フライル代表取締役CEOの財部優一氏によると、顧客のフィードバックの収集にはスプレッドシートやSalesforceなどのツールが使われることが多い。その場合、どうしても労働集約型の業務になりがちで、顧客の数が増えるほど収集業務の負荷も増す構造になってしまう点が現場の課題となっていた。

また日本の場合は営業部門が強いことが多く、「顧客情報がビジネス部門のみに留まり、なかなか開発部門に入ってこない」といった悩みを抱えている企業も少なくないという。

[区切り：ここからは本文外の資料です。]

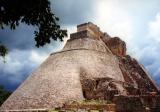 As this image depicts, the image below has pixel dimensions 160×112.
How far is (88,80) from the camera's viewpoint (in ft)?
103

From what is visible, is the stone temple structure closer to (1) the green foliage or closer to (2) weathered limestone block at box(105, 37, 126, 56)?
(2) weathered limestone block at box(105, 37, 126, 56)

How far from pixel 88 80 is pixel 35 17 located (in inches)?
944

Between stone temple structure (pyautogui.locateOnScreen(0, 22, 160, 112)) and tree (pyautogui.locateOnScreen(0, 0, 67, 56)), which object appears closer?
tree (pyautogui.locateOnScreen(0, 0, 67, 56))

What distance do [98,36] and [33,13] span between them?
3563 cm

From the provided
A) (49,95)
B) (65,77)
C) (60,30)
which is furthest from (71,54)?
(60,30)

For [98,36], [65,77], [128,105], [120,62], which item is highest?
[98,36]

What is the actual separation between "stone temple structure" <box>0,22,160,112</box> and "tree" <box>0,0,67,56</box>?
17668 millimetres

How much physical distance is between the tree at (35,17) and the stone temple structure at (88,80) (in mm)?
17668

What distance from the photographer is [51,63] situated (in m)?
35.6

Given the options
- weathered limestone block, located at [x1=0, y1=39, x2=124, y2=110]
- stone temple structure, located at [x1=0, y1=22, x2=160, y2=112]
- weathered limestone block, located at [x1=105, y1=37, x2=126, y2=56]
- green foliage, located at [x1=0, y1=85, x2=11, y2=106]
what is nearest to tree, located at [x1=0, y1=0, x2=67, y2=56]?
stone temple structure, located at [x1=0, y1=22, x2=160, y2=112]

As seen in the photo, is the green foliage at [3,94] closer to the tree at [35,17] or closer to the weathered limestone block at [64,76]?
the weathered limestone block at [64,76]

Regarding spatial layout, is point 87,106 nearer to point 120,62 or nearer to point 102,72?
point 102,72

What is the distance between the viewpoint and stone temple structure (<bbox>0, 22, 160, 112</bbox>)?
93.7 feet

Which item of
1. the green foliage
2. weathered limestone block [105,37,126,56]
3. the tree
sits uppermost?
weathered limestone block [105,37,126,56] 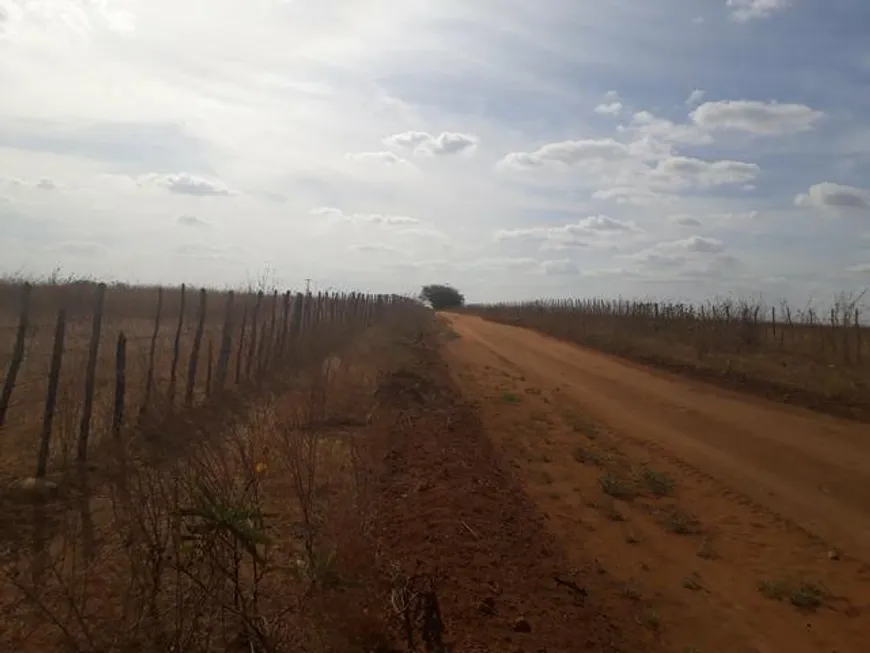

機能開発案ごとにスコアリングし、優先順位づけの参考にすることができる
機能開発案ごとにスコアリングし、優先順位づけの参考にするための機能も搭載。各アイデアに対しては、その裏付けとして関連する顧客フィードバックを紐づけることができる

Flyleでは集めた顧客の声を基に、プロダクト開発の方針を整理するための仕組みも搭載。顧客の声を参照しながら機能開発の企画ができる機能や、開発の優先度を決める際に役立つスコアリング機能などを備えている。

「1つのツールを使うだけで、今まで業務プロセスを構築できていなかったプロダクトマネジメントのワークフローを簡単に構築できる点が(顧客から)選ばれる大きな理由になっています」

「フィードバックの管理や優先順位づけ、ロードマップの作成など多岐にわたるプロダクトマネジメンの業務の中の労働集約的な部分を効率化でき、属人的な業務については標準化できる。特に複数のプロダクトマネージャーが在籍し、チームで共通のプロセスで意思決定をしていくことが求められるフェーズで課題が大きくなり、Flyleを導入いただくケースが多いです」(財部氏)

開発ロードマップを表示することも可能
開発ロードマップを表示することも可能だ

これまではIT系の企業を中心に、ユーザベースやマネーフォワード、ディー・エヌ・エーといった上場企業からスタートアップまで100社以上にサービスを提供してきた。

ある企業ではスプレッドシートで管理していた顧客のフィードバックや機能開発の優先度づけなどをFlyleに切り替えることで、業務工数が約10分の1程度まで削減できたという。